• _Problem_
Whatever pictures appear, omit them, and repeat the data below exactly.

• _Recorded data_
+===+

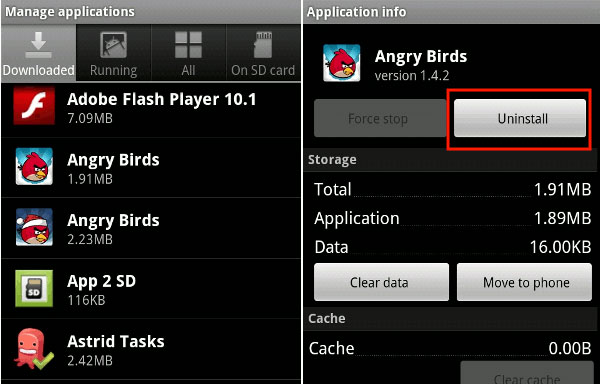 Eliminar la aplicación Android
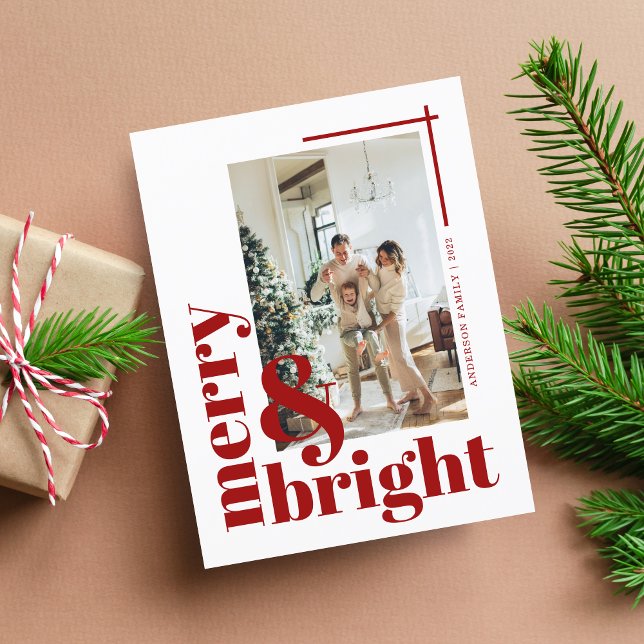 Merry and Bright Simple Photo Maroon Christmas Postcard (Creator Uploaded)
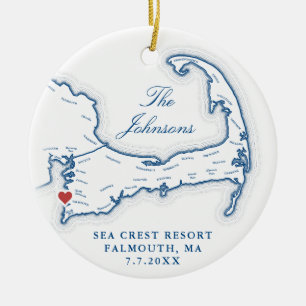 Sea Crest Resort Wedding Photo First Christmas Ceramic Ornament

+===+

• _Output below_
 Eliminar la aplicación Android
 Merry and Bright Simple Photo Maroon Christmas Postcard (Creator Uploaded)
 Sea Crest Resort Wedding Photo First Christmas Ceramic Ornament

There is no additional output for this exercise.